Nor was there much evidence of good-humored irreverence Richards has displayed for well-bred Republicans.
The tough-talking Richards, a feisty 25-year political veteran with big white bouffant hairdo, vaulted into the national arena with a speech at the 1988 Democratic convention where she attacked presidential candidate George Bush as a privileged Yankee blueblood "born with a silver foot in his mouth."
Tuesday night's political rhetoric was at a minimum and there was maybe a 3-to-1 ratio of Yankees to Texans, but the event, held at Moscow's only Tex-Mex bar, felt like the real thing to some from the Lone Star state.
"You forget that you are in Moscow, totally.
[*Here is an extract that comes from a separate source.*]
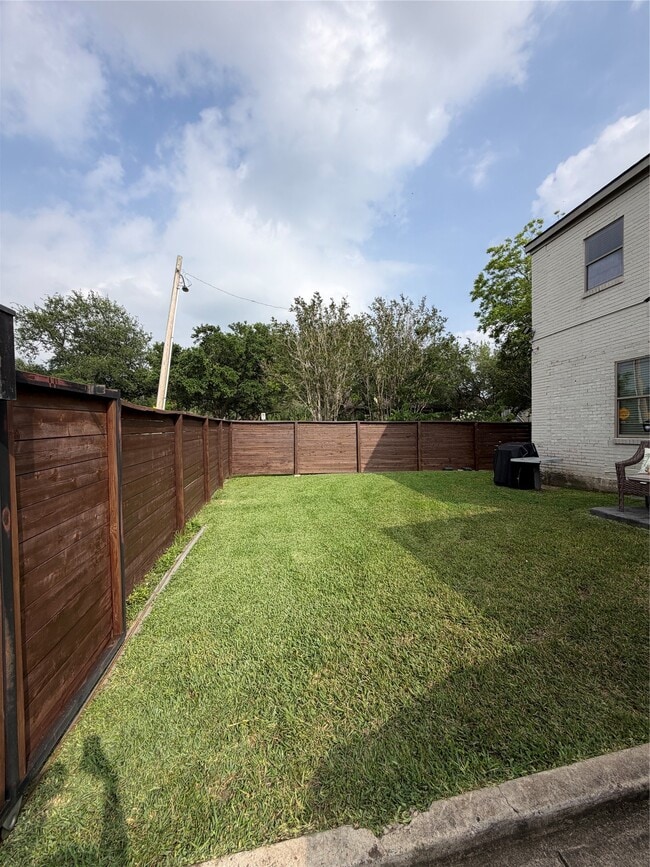 property at 4630 Woodside St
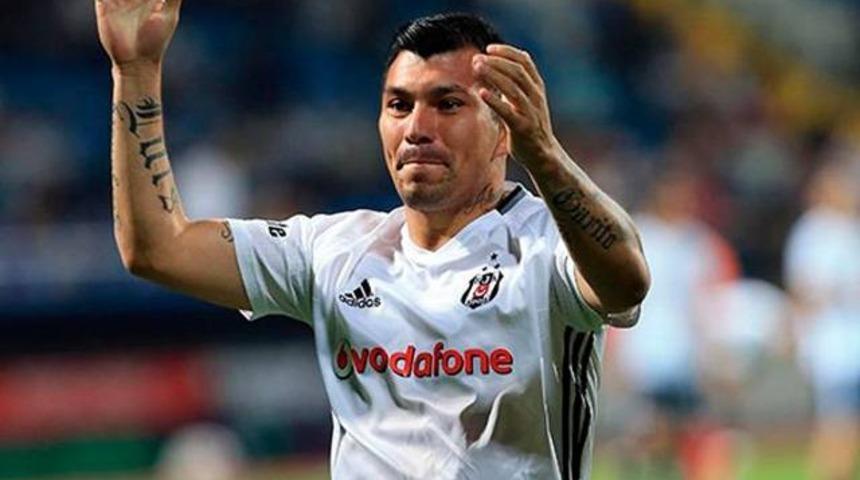 Beşiktaş'ta Gary Medel isyan etti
It's like being in an Austin bar," said Gwen Fricker, an exchange student from Lorena, Texas, eating a chicken burrito. "I thought there'd be a lot more Texans than there are, but it's O.K."
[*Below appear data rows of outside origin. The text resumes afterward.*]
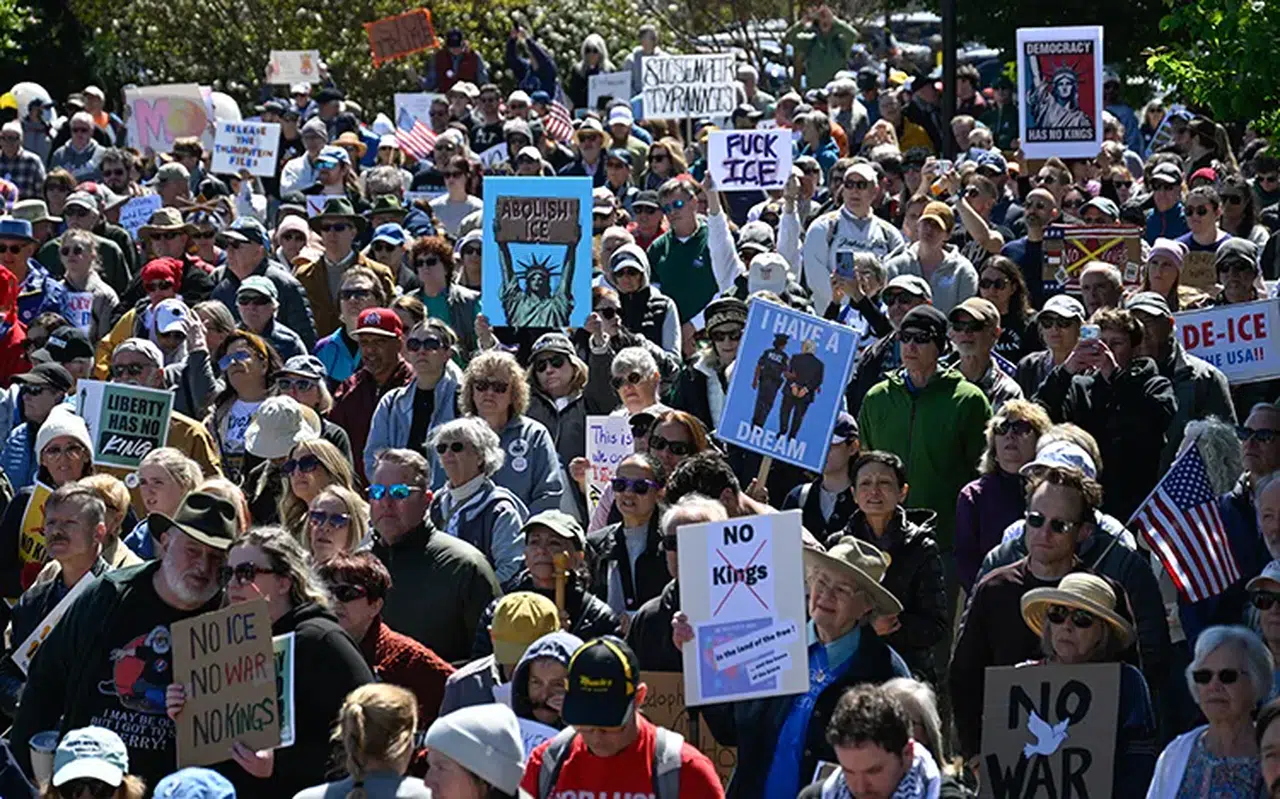 ABD'de, Trump yönetimine karşı "Krallara Hayır" protestosu düzenlendi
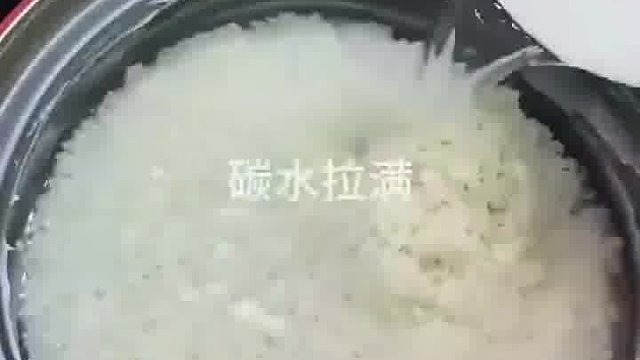 女子在家做煲仔饭，这步骤看着也太丝滑了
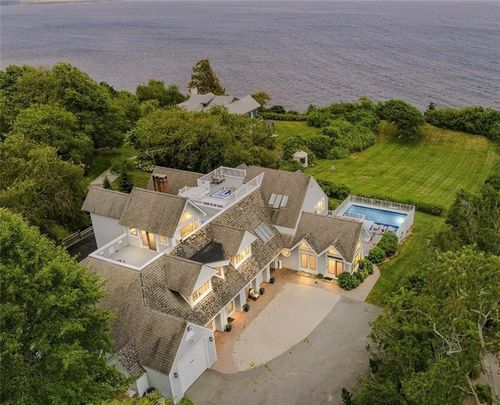 205 Indian Ave, Portsmouth, RI, 02871-5152 | Card Image
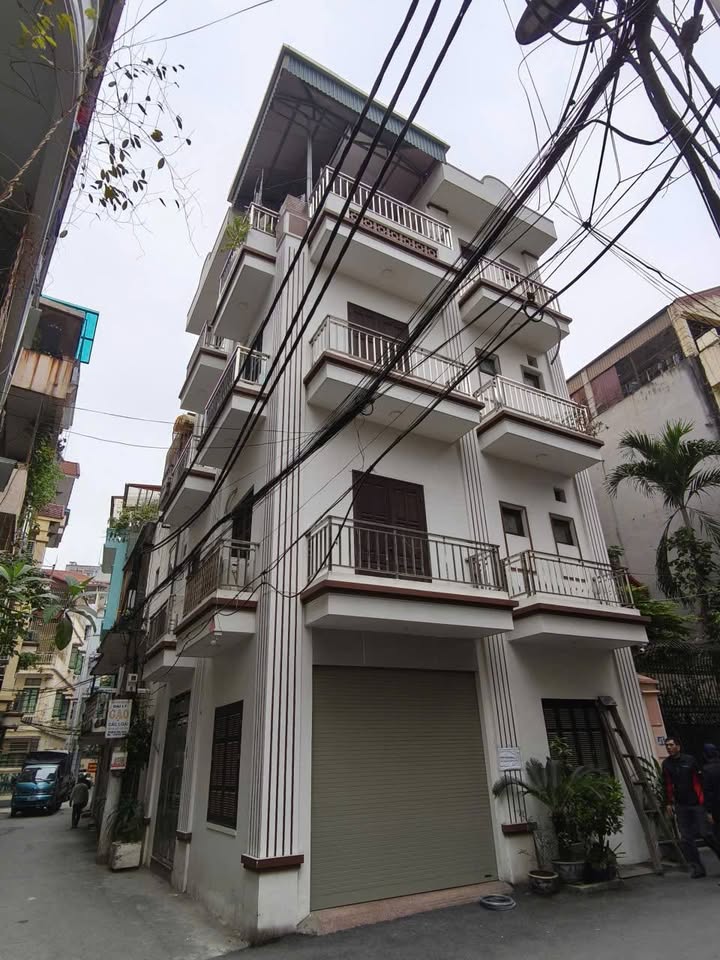 Nhà riêng Ngã Tư Sở 50m² giá 12 tỷ - Lô góc thông ô tô, gần Royal City!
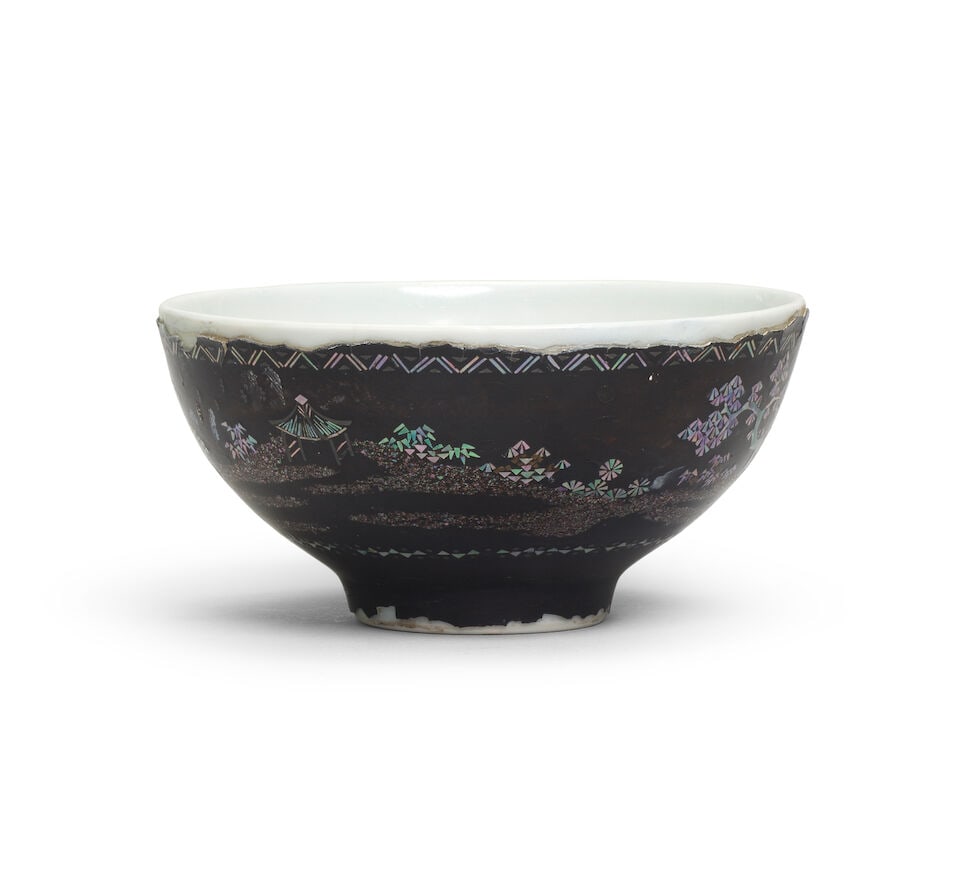 A MOTHER-OF-PEARL-INLAID BLACK-LACQUERED PORCELAIN BOWL Yongzheng six-character mark and of the ... - 2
Fricker, who plans to work in the petroleum industry someday, said she had been hoping for a better turnout from Moscow's Texas oilmen, but, as other guests pointed out, most of those people are likely to support Governor Richards' Republican opponent, George W. Bush Jr., the son of the former president. Richards has dubbed George Jr. "the shrub."
A corporate lawyer from Dallas, Shari Loessberg, organized Tuesday's fundraiser which attracted over 50 people to the Armadillo Tex-Mex Bar near Red Square.
"Raising money for women candidates is what makes my heart sing," said Loessberg, who estimated the event raised over $3,000. "For a long time,women politicians had to work so hard to be taken seriously, that they couldn't laugh and tell jokes. Ann does that."
"This campaign in Texas has national consequences, both for Democrats and for women in political office," said Jane Angvik, 46, Alaska's former commissioner of commerce and economic development who now lives in Moscow.
"I think Ann Richards' election is important for women across the board."
Tuesday night's crowd was predominantly young, professional and without any of the trappings that make Texans easily recognizable. One young man in cowboy boots, an exchange student from the University of Texas, said he came to commune with fellow Texans, who he finds easier to get along with than northerners.
"We went on a bus excursion trip with some students from Boston University. It was dreadful," said Paul Goode of Dallas. "I try not to be prejudiced, but it seems most of the people I get along with here tend to be from Texas or the South."
Others, not so keen on the candidate herself, came to the event to take part in what they said was an American political ritual.
"I don't really consider this is a fundraiser for Ann Richards. I think it is just an opportunity for Americans to support the political process in the U.S.," said Shelley Zent of Dallas. "I don't support some of her very liberal tendencies, especially regarding gays and lesbians."